> **Work instruction**: What needs transcribing is the line with "Porsche Cayenne 08-10" and every line after it to the end of the records, exactly and alone, with no pictures.
[Dataset excerpts — start]
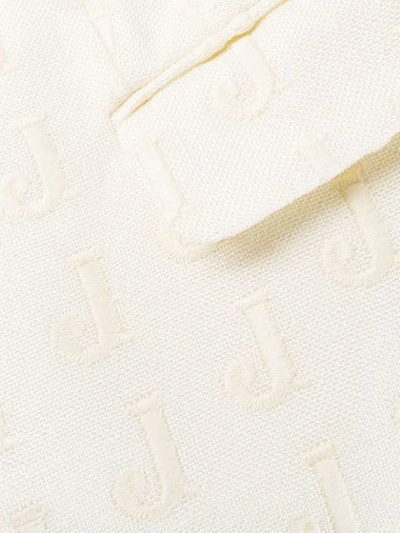 Shop Jacquemus Embroidered J Blazer In Neutrals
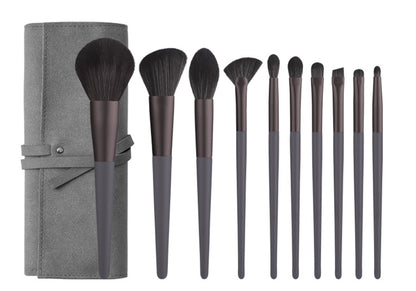 Modern Gray (Brush + Bag) 10 Piece Face Eye Makeup Brush Set - Premium Makeup Blending Brushes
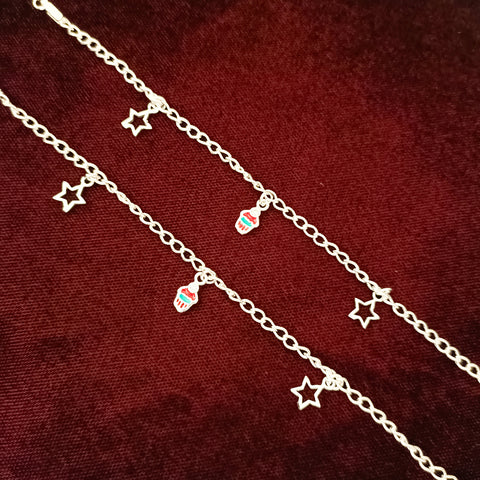 Silver Anklet 8.0 inches (Set of 2) - Design 132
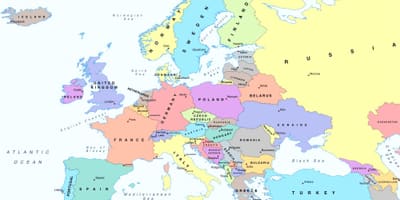 Χάρτης της ευρώπης με την αυστρία
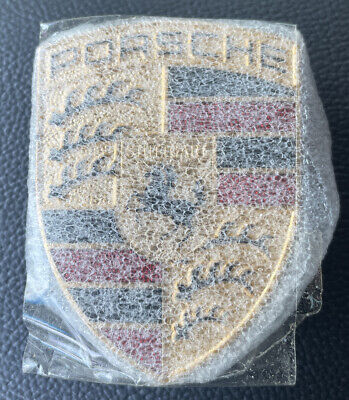 Porsche Cayenne 08-10 Hood Emblem w/Mounting Base Plate Genuine 95555960002 NEW 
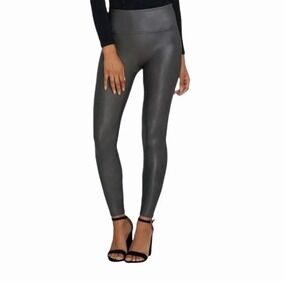 SPANX Leggings High Waist Shiny Metallic Charcoal black  XS TP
[Dataset excerpts — finish]
> **Result**:
 Porsche Cayenne 08-10 Hood Emblem w/Mounting Base Plate Genuine 95555960002 NEW 
 SPANX Leggings High Waist Shiny Metallic Charcoal black  XS TP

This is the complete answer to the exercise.